## Dataset records
_ _ _ _ _
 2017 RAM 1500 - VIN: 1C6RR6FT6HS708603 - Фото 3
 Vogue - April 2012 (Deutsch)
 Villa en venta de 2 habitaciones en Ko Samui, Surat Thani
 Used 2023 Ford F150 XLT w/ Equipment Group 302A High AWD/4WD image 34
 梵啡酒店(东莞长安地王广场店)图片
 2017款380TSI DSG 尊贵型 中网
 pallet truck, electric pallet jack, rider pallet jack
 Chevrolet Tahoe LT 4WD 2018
_ _ _ _ _
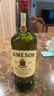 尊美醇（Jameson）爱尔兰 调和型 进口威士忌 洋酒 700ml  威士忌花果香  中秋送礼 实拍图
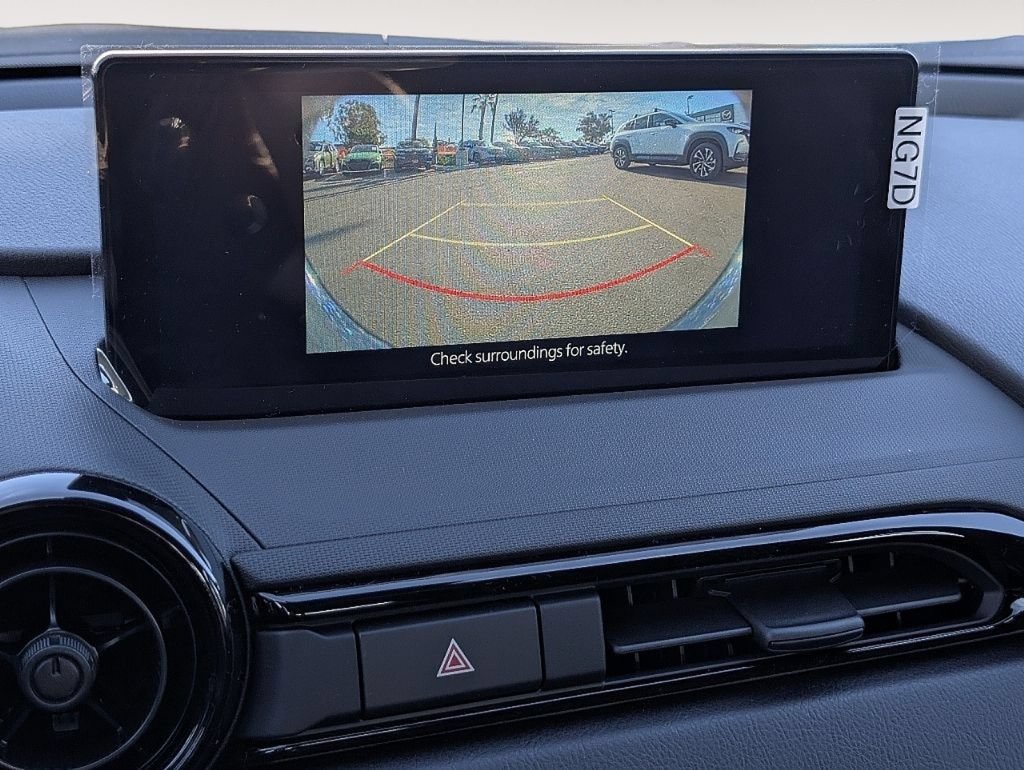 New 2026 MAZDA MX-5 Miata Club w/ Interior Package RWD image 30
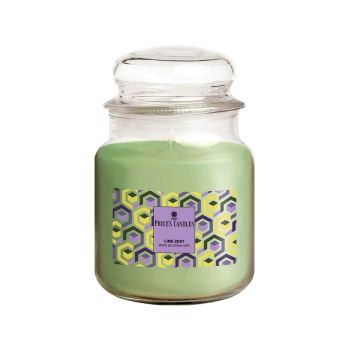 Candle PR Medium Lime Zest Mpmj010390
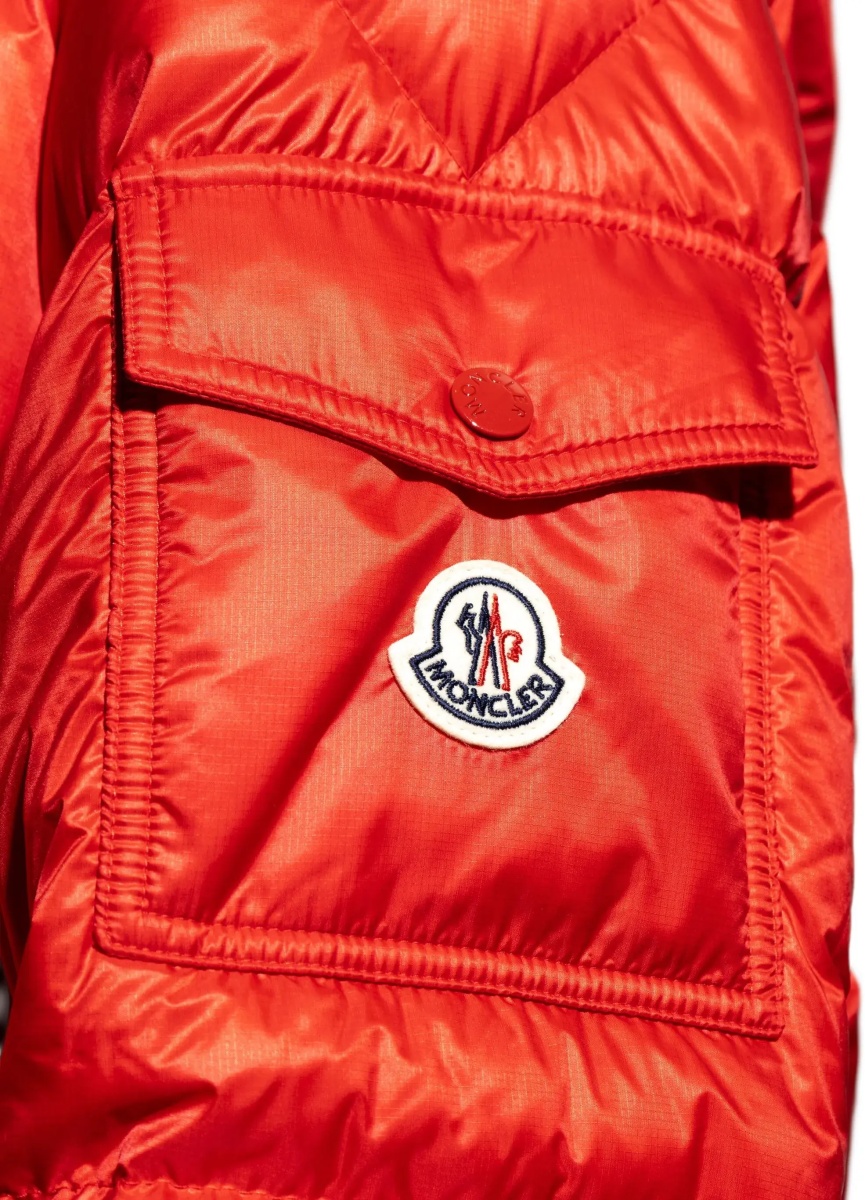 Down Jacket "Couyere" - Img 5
_ _ _ _ _
## About this task
Transcribe, exactly and without additions, the lines of the records above, beginning with the line that contains "梵啡酒店(东莞长安地王广场店)图片" and ending with the line that contains "Chevrolet Tahoe LT 4WD 2018", both included.

## Output below
 梵啡酒店(东莞长安地王广场店)图片
 2017款380TSI DSG 尊贵型 中网
 pallet truck, electric pallet jack, rider pallet jack
 Chevrolet Tahoe LT 4WD 2018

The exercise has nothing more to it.